This had a real dreamy quality to it that I liked very much. I also liked where the story may be headed but obviously not a lot to work with. 

A few thoughts:

- there were quite a few tense changes. You should decide whether you are writing in past or present and go through and make all the verb tenses consistent.

- I loved the imagery and the feeling of sinking with all of the kids around him. However, I think you could cut 1/3 of the words and make it cleaner and more focused. I'd go through and look for things that you've said to set the scene and see if any are repeated and if so, try to combine/cut, etc.

- this was a consistency issue - you say they all sank and left him but a couple of sentences later you mention that there are blank faces around him.



> But all of them sank and eventually left him. He felt the coldness of the depth, how long had he been sinking? Seconds? Minutes? Decades? There was no sense of time here, he knew from the blank faces around him that this was eternity,



I think Eric hit many of the grammar issues so I won't touch on any except to say be sure that you go through and catch as many as you can on the next pass.

Hope you keep going with this


----------



## Brian A Seals (Mar 20, 2015)

Hi Noth; Brian here.

The main criticism I formed while reading is that you ned to check your punctuation. There was a few instances where, instead of a comma, a period should have been placed and a new sentence started. Also: I got the impression that the main character went from panic to peace, in regards to drowning in the darkness and I didn't understand why. Other than that, I felt the language was good.


----------



## BurntMason84 (Mar 21, 2015)

Done well!  Very surreal, which is always hard for me to grasp.  But you did so well with describing the feelings and scene, I got it.  In short, you know it's good when the reader (aka me) wants to know more!  What, who, how, why?!?  If I had to really get down to the nitty gritty critique, couldn't have said anything more than Eric or TKent, except for maybe to break it up a bit paragraphs.  It was good stuff chief, hope to see more!


----------



## Frankyette (Apr 9, 2015)

In general? Great. For 2AM? Freakin fantastic, man.

I agree with some of the other posters on punctuation. I am kind of a comma nazi, though, if that's a thing (it may fall under the esteemed grammar nazi's job description, in which case I apologize for taking thine job).


----------



## KellInkston (Apr 9, 2015)

Great, I loved it.

I think the most important piece of criticism I had was the length you took to get some concepts across. I think this is a piece that would greatly benefit from some extremely strong adjectives to better transmit the feeling to the reader. Other than that I felt like it was solid.

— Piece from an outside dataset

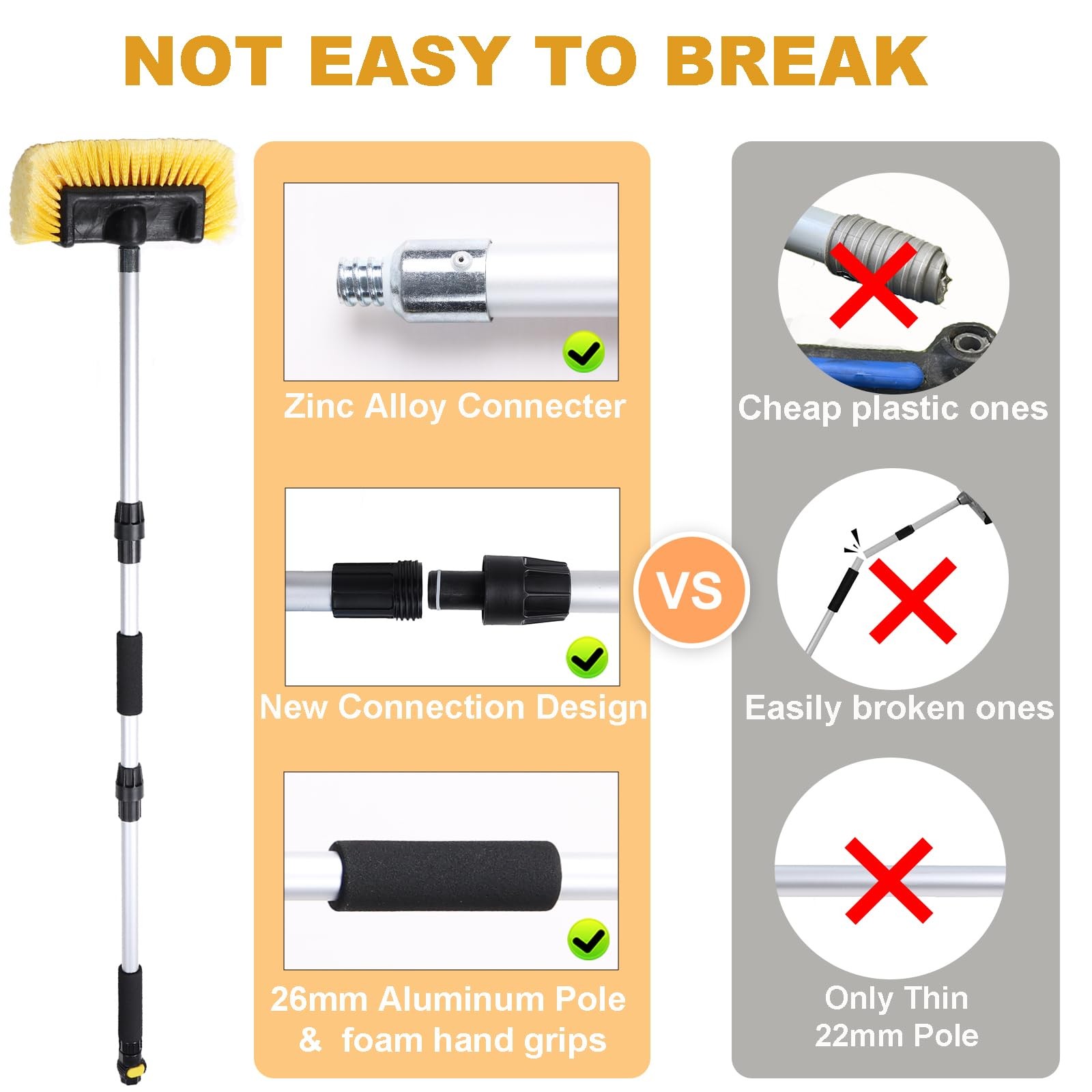 Car Wash Brush with Long Handle for Car Truck Boat Washing (Yellow 69 inch)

Just a question: were we supposed to know what was going on by the end? It's fine if that wasn't the case, just wasn't sure.


----------



## Acarid (Apr 14, 2015)

Hey there! in the sentence where you he says " His eyes opened slowly and in front of him was a little boy sinking in the same darkness he was drowning on" I think it would be better to end the sentence with In rather then on


----------



## musichal (Apr 18, 2015)

I agree with most of the remarks above.  Personally, I would change "the feeling of slowly sinking ran through his mind" to "the feeling of slowly sinking ran through his body."  I'm sure you plan to rewrite this 0200 AM effort, and pare down some of the wording.


----------



## StephLondon (Apr 27, 2015)

Great imagery. I got anxious halfway through reading this. I think this would be a great climax for a story, maybe when he thinks he's gotten the "Sweet bliss of release" at the end, something else happens. I imagined this was him dying. I'm sure since you wrote this while tired, you'll organize it a bit and fix the grammar issues, but it really held my attention. It was a smooth read, if that makes sense. I didn't have to stop and start or force myself to continue. Definitely continue it!


----------



## Paladin (Apr 27, 2015)

Wow, I feel like I am trying to escape the clutches of hell when I read that. Makes me stir a little bit as I watch all the people around me powerless to resist, and knowing he will be next.


----------